((
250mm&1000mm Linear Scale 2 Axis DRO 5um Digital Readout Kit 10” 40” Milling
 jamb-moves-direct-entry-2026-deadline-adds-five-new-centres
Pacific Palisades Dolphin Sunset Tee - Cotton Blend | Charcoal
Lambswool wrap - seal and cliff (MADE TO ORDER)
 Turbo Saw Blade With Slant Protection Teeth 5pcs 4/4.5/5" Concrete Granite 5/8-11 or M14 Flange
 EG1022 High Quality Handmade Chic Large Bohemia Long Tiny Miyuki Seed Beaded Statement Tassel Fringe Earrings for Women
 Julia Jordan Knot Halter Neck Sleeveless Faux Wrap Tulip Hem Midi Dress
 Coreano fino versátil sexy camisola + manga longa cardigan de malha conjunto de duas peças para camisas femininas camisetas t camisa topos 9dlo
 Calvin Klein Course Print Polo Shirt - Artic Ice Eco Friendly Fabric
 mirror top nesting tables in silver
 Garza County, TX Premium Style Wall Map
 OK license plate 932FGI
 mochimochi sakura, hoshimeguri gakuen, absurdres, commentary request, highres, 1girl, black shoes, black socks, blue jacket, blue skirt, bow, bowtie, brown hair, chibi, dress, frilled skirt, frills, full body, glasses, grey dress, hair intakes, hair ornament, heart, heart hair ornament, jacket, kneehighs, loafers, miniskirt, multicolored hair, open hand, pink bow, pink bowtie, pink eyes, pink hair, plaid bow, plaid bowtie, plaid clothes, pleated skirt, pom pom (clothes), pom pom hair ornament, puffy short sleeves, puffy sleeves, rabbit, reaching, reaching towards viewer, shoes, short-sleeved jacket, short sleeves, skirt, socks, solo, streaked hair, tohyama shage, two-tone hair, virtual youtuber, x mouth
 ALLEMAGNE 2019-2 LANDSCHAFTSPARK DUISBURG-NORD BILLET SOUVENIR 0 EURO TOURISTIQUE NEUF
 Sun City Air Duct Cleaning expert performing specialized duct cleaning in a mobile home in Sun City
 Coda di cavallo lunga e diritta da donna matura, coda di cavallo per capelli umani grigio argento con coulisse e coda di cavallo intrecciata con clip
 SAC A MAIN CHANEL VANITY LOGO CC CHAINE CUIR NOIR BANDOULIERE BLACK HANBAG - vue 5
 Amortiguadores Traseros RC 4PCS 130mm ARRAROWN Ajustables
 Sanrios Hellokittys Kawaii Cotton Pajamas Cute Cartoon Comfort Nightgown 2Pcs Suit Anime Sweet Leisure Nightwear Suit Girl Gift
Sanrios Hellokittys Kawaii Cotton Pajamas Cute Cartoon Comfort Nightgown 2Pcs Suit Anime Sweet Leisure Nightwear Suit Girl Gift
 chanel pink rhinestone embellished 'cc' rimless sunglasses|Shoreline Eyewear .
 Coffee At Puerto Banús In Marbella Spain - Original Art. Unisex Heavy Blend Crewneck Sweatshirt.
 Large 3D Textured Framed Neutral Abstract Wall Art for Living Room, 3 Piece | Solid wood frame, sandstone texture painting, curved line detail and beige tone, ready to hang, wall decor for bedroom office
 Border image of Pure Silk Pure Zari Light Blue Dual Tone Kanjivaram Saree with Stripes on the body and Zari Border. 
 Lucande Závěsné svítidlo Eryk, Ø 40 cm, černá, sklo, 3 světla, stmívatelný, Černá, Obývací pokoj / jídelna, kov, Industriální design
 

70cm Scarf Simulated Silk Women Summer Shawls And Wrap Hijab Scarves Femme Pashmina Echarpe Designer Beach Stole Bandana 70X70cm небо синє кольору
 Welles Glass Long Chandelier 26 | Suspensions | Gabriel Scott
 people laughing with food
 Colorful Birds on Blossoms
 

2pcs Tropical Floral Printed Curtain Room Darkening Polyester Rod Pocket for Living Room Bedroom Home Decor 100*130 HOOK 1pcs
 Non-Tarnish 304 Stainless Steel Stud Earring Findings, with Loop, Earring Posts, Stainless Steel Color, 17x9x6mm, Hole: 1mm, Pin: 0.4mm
))
▸ PROMPT: Reproduce each line of the material in which the string "Hellokittys" occurs.

▸ PROBLEM SOLUTION:
 Sanrios Hellokittys Kawaii Cotton Pajamas Cute Cartoon Comfort Nightgown 2Pcs Suit Anime Sweet Leisure Nightwear Suit Girl Gift
Sanrios Hellokittys Kawaii Cotton Pajamas Cute Cartoon Comfort Nightgown 2Pcs Suit Anime Sweet Leisure Nightwear Suit Girl Gift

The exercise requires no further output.